One Saturday in April shortly after my thirteenth birthday, I was out in the 'glades, looking for snakes and I ran into John Mauro and Pete Driskell, who were bass fishing. Pete was in the tenth grade. He ignored me but John demanded to know what I was doing there in "his" fishing spot.

If I'd had any sense at all, I would have shrugged and went about my business, but I never seemed to have sense around John; that's one of the things about him that scared me so. I glanced quickly at Pete and then smiled shyly at John and said, "do you wanna see something?" and waded into the water. After a moment's hesitation, John followed me.

I walked over to the knee-like roots of a mangrove where a copperhead was sunning itself. "Hey!" John shouted in warning. I turned my head toward him and put my finger to my lips. He took two slow backward steps and then paused, waiting to see what would happen next. I reached into my left pocket and grabbed the jack, which felt cool in my hand. It would get warmer when I started squeezing it. I approached the copperhead who flicked its tongue and looked at my raised fist with suspicion. We must have made an interesting tableau, John, me, and the snake, all motionless, while I squeezed the jack. Four minutes later I held up the snake for John to see, a triumphant smile on my face.

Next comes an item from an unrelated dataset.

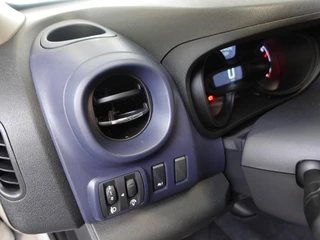 Opel Vivaro – thumbnail 19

He looked at the snake with fear and revulsion, and then transferred the look to me. "Freak," he spat and walked back to Pete.

Looking back I realize how lucky I was. I know now that the jack had nothing to do with it, and neither did the blood. But when you're a kid you're more willing to believe in magic, even magic that you make up. I wouldn't try to catch a snake now on a bet. But when you're thirteen, you not only believe in magic, you're immortal.

It's funny that John, who shamed me into giving up snake catching, would also convince me to do it one more time. But that would come later. No amount of pocket money was worth having John think I was freak. For all practical purposes, my snake catching career was over.

Snakes didn't scare me, but heights did. And John Mauro did. I wasn't afraid of what he would do to me, but of what I would do around him. I was afraid of what I felt when I saw him. I was afraid I would inadvertently say something. I was afraid he would catch me looking at him. Or that someone else would catch me looking at him. What if he realized the power he had over me and decided to use it? If John told me to empty the Atlantic Ocean with a teaspoon I would have found a way to do it.

The Creever twins were scared of John because no one else had muscles as big as his. I was scared of John because no one else had eyes as brown as his. They crinkled when he smiled, which was surprisingly often. John had a freckle on the back of his left ear lobe. I couldn't tell you if Jimmy Gillespie or Mark and Clark Creever even had ears. John Mauro had a freckle on the back of his.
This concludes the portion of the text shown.